Use native layer-7 forwarding and inspect the packet for certificate data. Then, a Kubernetes process is injected to authenticate the certificate.
For protocol upgrade requests, layer-7 connections are hijacked, and layer-4 connections are used for native oblivious forwarding to solve the persistent connection problem.
Use multiplexing for requests only. A new connection is established for every response to prevent congestion. This solves the problem of long response.

Tunnel High Availability

By design, the connection between the agent and the stub is transparent to users. Problems with this connection should not prevent the whole system from functioning, as long as the client and the API server of the target cluster are running properly. Therefore, high availability capability is built into the ACK tunnel to provide fault tolerance and decrease downtime.

Agent High Availability

Multiple agents can connect to the stub at the same time to provide fault tolerance and load balancing.

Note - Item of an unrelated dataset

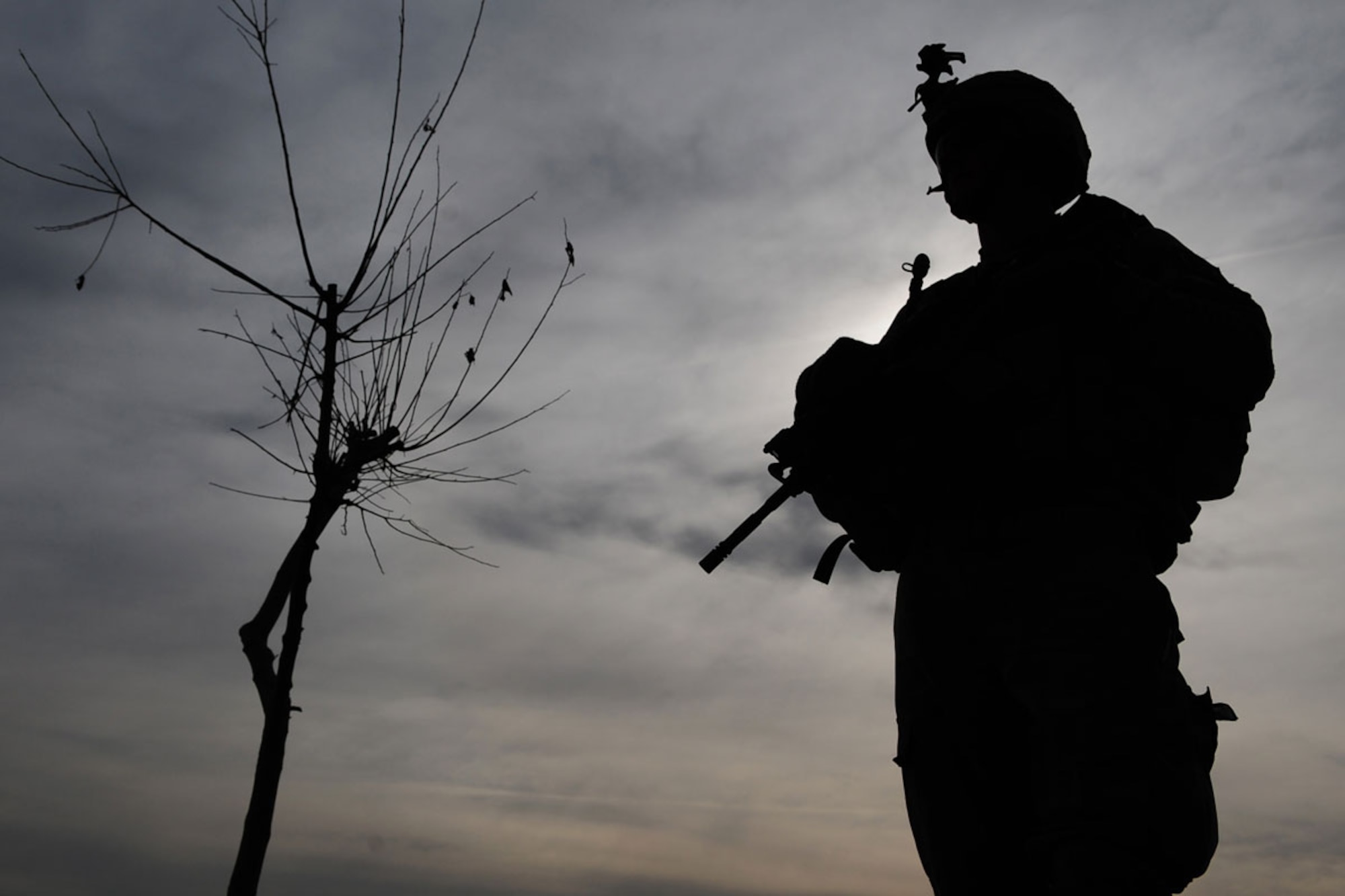 World war 1 soldier silhouette hi-res stock photography and images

Agent load balancing: Agents send their states to the stub periodically and the stub uses random round-robin to select an available agent to forward the packets.
Multi-cluster anti-interference and cluster switching: Now that there are multiple agents, it is possible that agents from different Kubernetes clusters would interfere with each other. Therefore, a unique ID is assigned to each cluster and that ID is added to the agent ID. When all connections to the original cluster are disconnected, the cluster is switched.

Stub High Availability

Clients requests are sent to the same IP address, that is the same stub, for processing. If there were multiple stubs behind the same IP address, the system would have to accommodate this using load balancing. However, load balancing would cause a major problem because persistent connections are used, and requests from the client might be contextual. TCP layer-4 forwarding causes errors with this type of data. Therefore, only one stub can function at the same time.

To provide high availability when only one stub is running, the ACK tunnel uses high availability capabilities, such as the Kubernetes native Lease API. Although stub high availability does not provide load balancing as its agent counterpart, it does provide rolling upgrade and other capabilities.

Alibaba Cloud cluster tunnel provides a solid foundation for multi-cloud management.

Conclusion

The boundary of cloud computing is being quickly redrawn by technology and open source. More and more applications and frameworks are no longer directly tied to any cloud by design. After all, you cannot stop users from worrying and freaking out over competition, and you certainly cannot prevent users from deploying Kubernetes to the clouds and data centers around the world. Kubernetes will be the highway that ties cloud and applications together, and it will deliver applications to anywhere in the world in an efficient and standardized manner. The delivery target can be the end users or Platform-as-a-Service (PaaS) or Serverless, or even some other application hosting method we cannot imagine yet. The value of the cloud will come down to the application itself.

The multi-cloud and hybrid cloud era is here. Application-oriented multi-cloud and multi-cluster architecture is the inevitable trend of cloud computing. Your cloud can run anywhere, and we will be there to help you manage it. Let us embrace the application-oriented cloud, cloud-native computing, and the values of applications together.